Document Type


Date of Award

Spring 5-31-1996

Degree Name

Doctor of Philosophy in Mechanical Engineering - (Ph.D.)


Mechanical Engineering

First Advisor

E. S. Geskin

Second Advisor

M. C. Leu

Third Advisor

Rong-Yaw Chen

Fourth Advisor

Methi Wecharatana

Fifth Advisor

Zhiming Ji


This doctoral dissertation is concerned with the development of water based cleaning technology required by industry which may substitute the traditional approach based upon the use of various chemical cleansers.

The experimental study involves the waterjet removal of various coatings (rust, oil and epoxy based paints, etc.).

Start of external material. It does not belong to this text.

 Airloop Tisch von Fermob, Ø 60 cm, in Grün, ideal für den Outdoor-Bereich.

Cleaning was carried out under a wide range of operational and geometrical conditions (standoff distance, travel speed, water pressure, diameters of sapphire nozzle and focusing tube, nozzle body type). A new designed spiral nozzle body was tested in this work. The use of surfactant was also investigated. Microscope and SEM surface were used to evaluate the degree of coating removal. The effect of various operation conditions on water consumption and cleaning rate are determined. Two new process characteristics, critical cleaning and damage standoff distances, which determine the admissible range of process variables, are first introduced in this study.

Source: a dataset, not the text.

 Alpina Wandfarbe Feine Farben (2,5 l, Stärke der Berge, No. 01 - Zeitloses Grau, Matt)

The theoretical study pioneers an analytical description of waterjet cleaning. Simple equations relating the cleaning width of stationary and moving jets, which can be used to determine the optimal cleaning standoff distance, were constructed. These relations show that the maximal cleaning rate and consequently minimal water consumption can be attained at a position of 0.55-0.7 of the critical cleaning standoff distance. Experimental data substantiate the results of the theoretical study.

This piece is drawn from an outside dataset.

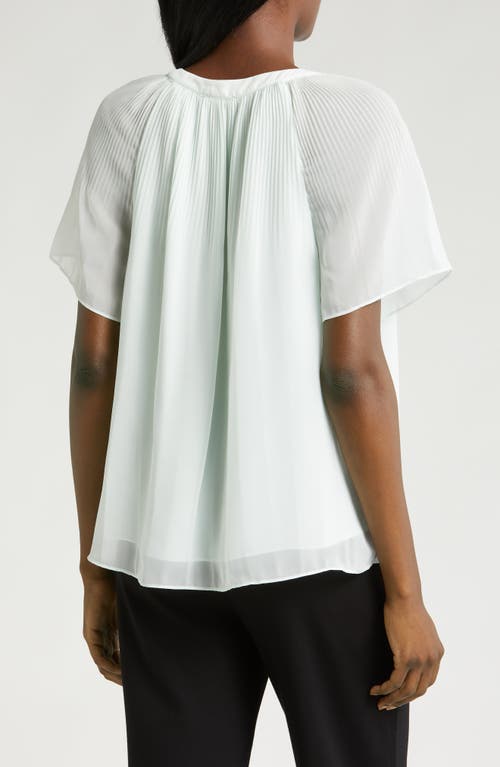 Halogen Release Pleat Blouse In Fresh Mint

The acquired results of the theoretical and experimental studies identify the practical range of process variables which assure complete paint removal from glass or metal surface without inducing any damage to the substrate. The spiral nozzle body was shown to provide the optimal cleaning performance. The principal result of this study, however, is a demonstration of the feasibility and effectiveness of using a high-velocity and low-volume waterjet as the single cleaning agent, and a "cleanser-free" technology. Also methods of development are outlined. Another major finding is the demonstration of the feasibility of using a conventional analytical description of turbulent liquid jets for the simulation of the behavior of a high speed stream of water droplets, which constitute the jets used in this study.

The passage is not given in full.